Is it engineering? Maybe not. But neither is knowing how to talk to junior developers so they're productive and don't feel bad. The engineering is at other levels.

tokioyoyo 4 hours ago | parent | prev [-]

Do you actively use LLMs to do semi-complex coding work? Because if not, it will sound mumbo-jumbo to you. Everyone else can nod along and read on, as they’ve experienced all of it first hand.

scuff3d 4 hours ago | parent [-]

You've missed the point. This isn't engineering, it's gambling.

You could take the exact same documents, prompts, and whatever other bullshit, run it on the exact same agent backed by the exact same model, and get different results every single time. Just like you can roll dice the exact same way on the exact same table and you'll get two totally different results. People are doing their best to constrain that behavior by layering stuff on top, but the foundational tech is flawed (or at least ill suited for this use case).
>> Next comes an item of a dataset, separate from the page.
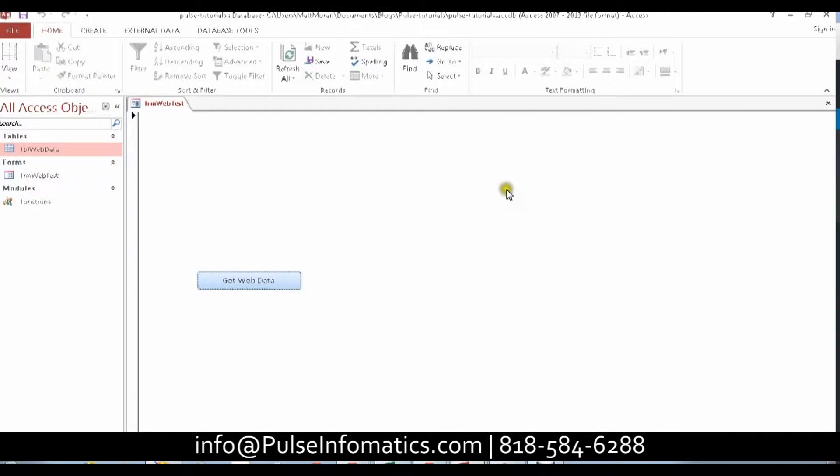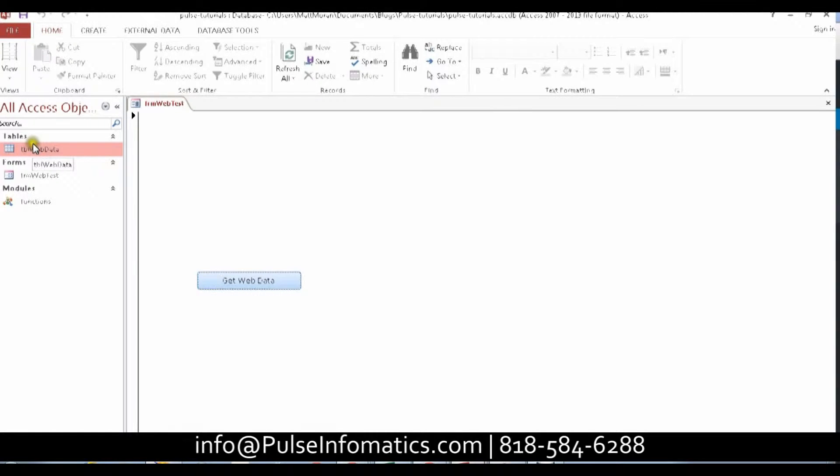First, I'll show you the Access form retrieving data from my website. Here's the button. Let's open up the table.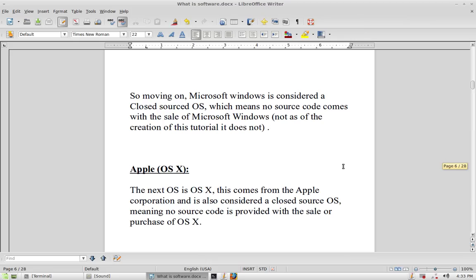Another closed source OS is Apple's OS X. OS X runs on most Apple machines — their computers, laptops, and tablets. It is closed source. You may be able to download OS X or its upgrade from a website, but you will not be able to get the source code for OS X.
That's not to say that AI isn't helpful. It certainly is. But when you are basically begging your tools to please do what you want with magic incantations, we've lost the fucking plot somewhere.

geoelectric an hour ago | parent | next [-]

I think that's a pretty bold claim, that it'd be different every time. I'd think the output would converge on a small set of functionally equivalent designs, given sufficiently rigorous requirements.

And even a human engineer might not solve a problem the same way twice in a row, based on changes in recent inspirations or tech obsessions. What's the difference, as long as it passes review and does the job?

gf000 3 hours ago | parent | prev [-]

> You could take the exact same documents, prompts, and whatever other bullshit, run it on the exact same agent backed by the exact same model, and get different results every single time

This is more of an implementation detail/done this way to get better results. A neural network with fixed weights (and deterministic floating point operations) returning a probability distribution, where you use a pseudorandom generator with a fixed seed called recursively will always return the same output for the same input.